To help you gauge the scope of this assignment, we have collated the following example reports—two of which were sourced from prior offerings of this class. Note: these examples targeted earlier versions of this assignment with a slightly different set of instructions. Moreover, even the two exemplary reports are not perfect — they contain some mistakes or missed opportunities. Nevertheless, we consider them exemplary because they demonstrate how to engage in systematic and rigorous exploratory data analysis and, thus, earned a full 100% grade.

Exemplary:
- U.S. Daily Weather Measurements in 2017
- Chicago Crimes and Socioeconomic Factors
Needs improvement:
- Motion Pictures Data. As this report is far from perfect, we have annotated and graded this example in more depth to help you calibrate for what we’re looking for.

Visualization Tools

You are free to use any visualization tools for this assignment.
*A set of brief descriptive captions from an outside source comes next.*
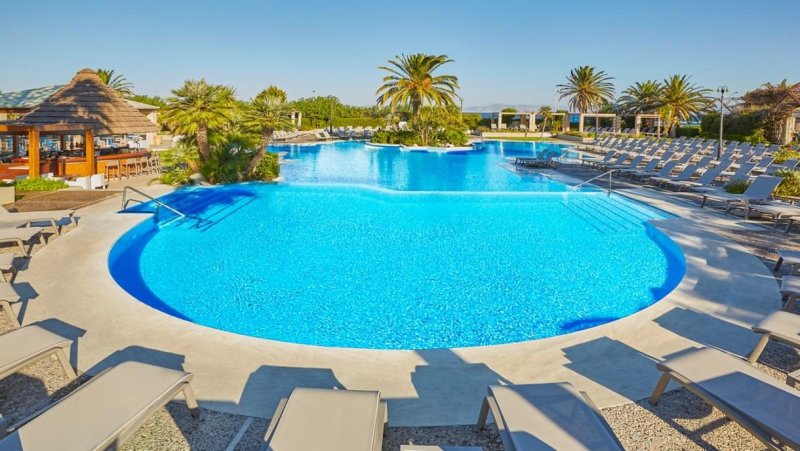 utazás Sheraton Rhodes Resort Rodosz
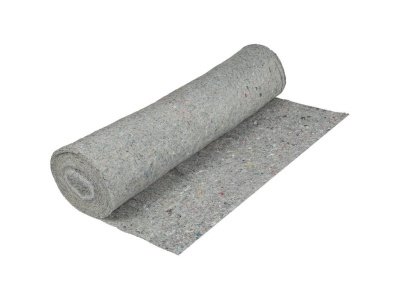 Изображение товара Холстопрошивное полотно пл 1,5/50м серое (плотность 180) в Миди Лтд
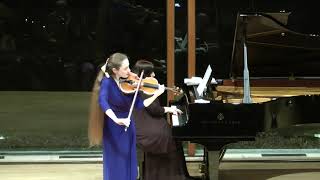 Tchaikovsky Meditation Op.42 - Hadar Rimon, Violin & Natasha Tadson, Piano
However, if you are not already familiar with visualization software, we strongly encourage you to use Tableau, as it provides a graphical interface focused on the task of visual data exploration, and has a friendlier learning curve than some of the other tools listed here. You will (with rare exceptions) be able to complete an initial data exploration more quickly and comprehensively than with a programming-based tool.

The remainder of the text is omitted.